Other pertinent workup:

Iron panel: serum iron 20 mcg/dL; TIBC 152 mcg/dL; iron sat 13%; ferritin 145 ng/mL

ESR 52 mmh/hr

CRP 155.1 mg/L

Lipase 13

C. Diff stool toxin negative

Blood culture x 2 negative

Stool culture negative

Stool O&P many white blood cells. No ova or parasites.

Giardia stool Ag negative

Quantiferon gold negative

Hepatitis A IgG positive (Otherwise Hepatitis serologies negative)

CT Abdomen/Pelvic with contrast: Diffuse contiguous bowel wall thickening from rectum to transverse colon. Proxmial jejunum thickening. Malrotation of SMV to the left of SMA. Small paraesophageal hernia. Diffuse osteopenia.

Hospital Course:  Patient was admitted for sepsis due to (WBC >12k, tachycardia, hypotension, likely GI source), blood cultures, stool studies, ESR/CRP sent, CT abdomen pelvis showed contiguous diffuse bowel wall thickening, patient was started on empiric antibiotics (ceftriaxone and flagyl). GI was consulted and recommended starting solumedrol 20mg overnight. Next day, colonoscopy was performed which showed findings consistent with ulcerative colitis (Mayo UC endoscopy score II/III). The patient was continued on IV solumedrol with a plan to transition to biologics. Supplemental testing (hepatitis, HIV, Quantiferon gold) performed in preparation for biologics.

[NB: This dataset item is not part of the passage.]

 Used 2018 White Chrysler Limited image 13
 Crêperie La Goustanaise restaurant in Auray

Patient clinically improved over the next 3 days with downtrending CRP to 10.8 (from 155) and was transitioned to oral prednisone on the day of discharge. Plan to obtain outpatient MRE small bowel follow through to evaluate for strictures and GI follow up.



Morning Report Pearls:

IBD encompasses both UC and Crohn’s disease, both of which are clinically distinct and overlapping disorders of the GI tract.

  • Ulcerative Colitis (UC): submucosal, limited to colon, 95% involves the rectum and often extends proximally in contiguous nature.
  • Crohn’s disease (CD): transmural, anywhere from mouth to anus, often in a skip lesion pattern. Propensity for fibrosis, obstruction, stricture, and perforation.

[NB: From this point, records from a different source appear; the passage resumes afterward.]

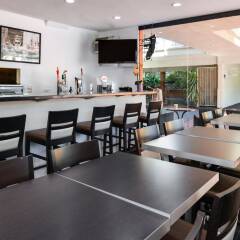 Отель Best Western Hollywood Plaza Inn гостиничный бар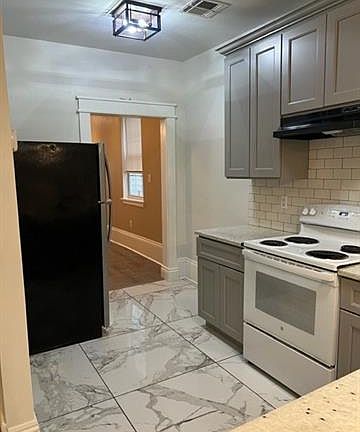 5th image of 2121 Foucher St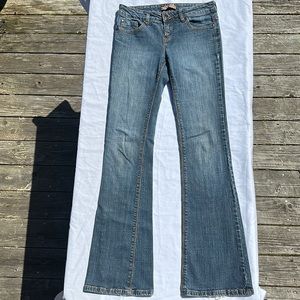 Makers of True Originals bell bottom/flare jeans size 28
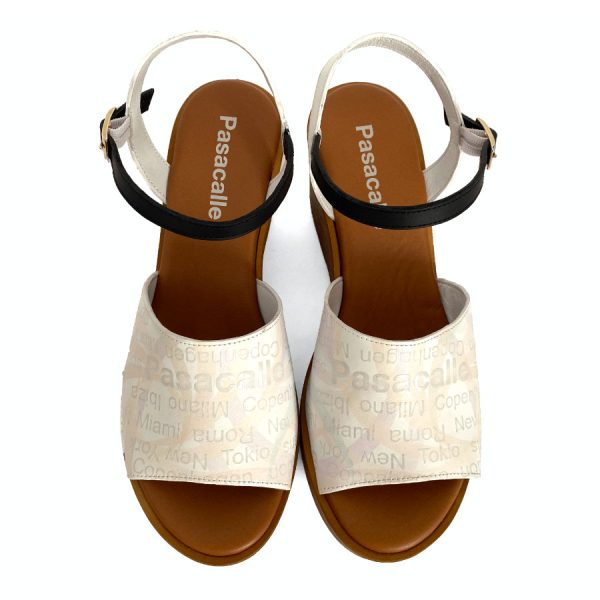 Sandalias de cuña con plataforma para mujer en piel blanca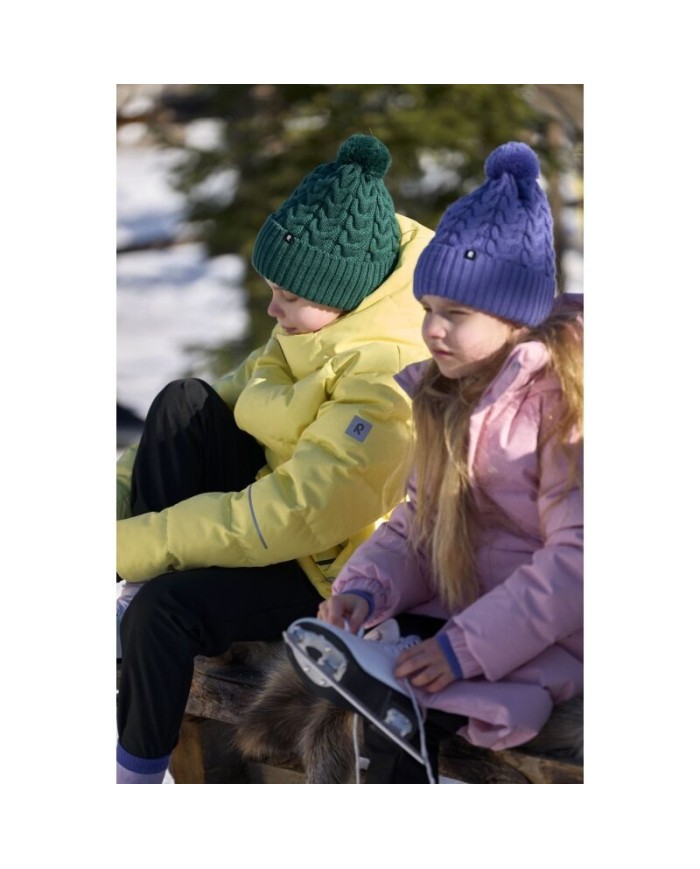 Bernumode | Reima: Bērnu cepure, Routii 28,02 € 
Bērnu trikotāžas pupiņa, kas izgatavota no vilnas jauktas dzijas. Silts stils ar flīsa oderi.
Viena no mūsu šīs sezonas iecienītākajām Reima cepurēm, šī bērnu trikotāžas pupiņa ir izgatavota no siltas vilnas dzijas. Tas ir ideāli piemērots mazuļu sasildīšanai. Pilna flīsa odere ir mājīga un komfortabli, un vēja necaurlaidīgais pārklājums aizsargā ausis.
 Bernumode | Reima: Bērnu cepure, Routii 28,02 € 
Bērnu trikotāžas pupiņa, kas izgatavota no vilnas jauktas dzijas. Silts stils ar flīsa oderi.
Viena no mūsu šīs sezonas iecienītākajām Reima cepurēm, šī bērnu trikotāžas pupiņa ir izgatavota no siltas vilnas dzijas. Tas ir ideāli piemērots mazuļu sasildīšanai. Pilna flīsa odere ir mājīga un komfortabli, un vēja necaurlaidīgais pārklājums aizsargā ausis.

IBD has a Bimodal distribution that most commonly occur in patients ages 15-40 and 50-80. Affects men and women equally, as well as all races and ethnicities; though more commonly seen in Ashkenazi Jews.

When approaching suspected presentation of IBD, important differential diagnosis to consider are infectious mimics of IBD including C. difficile, Shigella, Salmonella, Camylobater, Yersinia, Amoebiasis, and EHEC. CMV, HSV, KS are important to consider in immunocompromised host. Other considerations includes appendicitis, diverticulitis, ischemic colitis, celiac sprue, radiation enteritis, GI cancer, lymphoma.

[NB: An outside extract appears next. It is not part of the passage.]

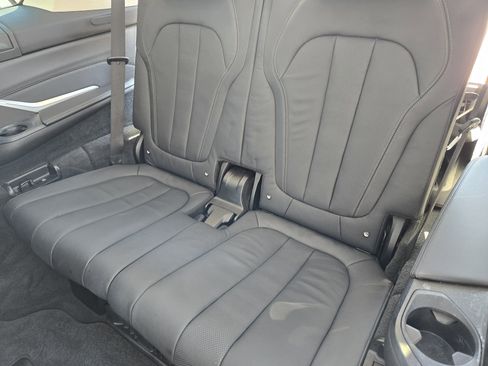 Used 2020 BMW X7 xDrive40i w/ Premium Package image 38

Initial workup should focus on ruling out infectious causes (Stool O&P, culture, C. diff, CRP, serology for celiac sprue if indicated). C. diff toxin and CT abdomen should be considered first in acute presentation or if the patient is unstable for colonoscopy.

Treatment is targeted based disease severity and should typically be managed by GI/IBD specialist.

  • Mild (<4 BMs/day, with or without blood)
  • Moderate (>4 BMs/day, with or without blood)
  • Severe (>6 BMs, usually with blood and s/sx of systemic toxicity e.g. fever, tachycardia, ESR/CRP elevation, anemia)
  • Fulminant (>10 BMs, continuous bleed, abdominal distention and tenderness, toxic appearing )

Important to obtain the following prior to initiating immunomodulator therapy:

  • PPD/Quantiferon Gold
  • Hepatitis serologies (particular hepatitis B due to risk of reactivation)
  • TPMT level

From a primary care standpoint, annual or biannual surveillance colonoscopies with biopsies are indicated for cancer surveillance 8-10 years after initial diagnosis of UC due to markedly increased risk of colorectal cancer.

Lastly, an important fun fact to know is that smoking is protective for UC but worsens for Crohn’s disease.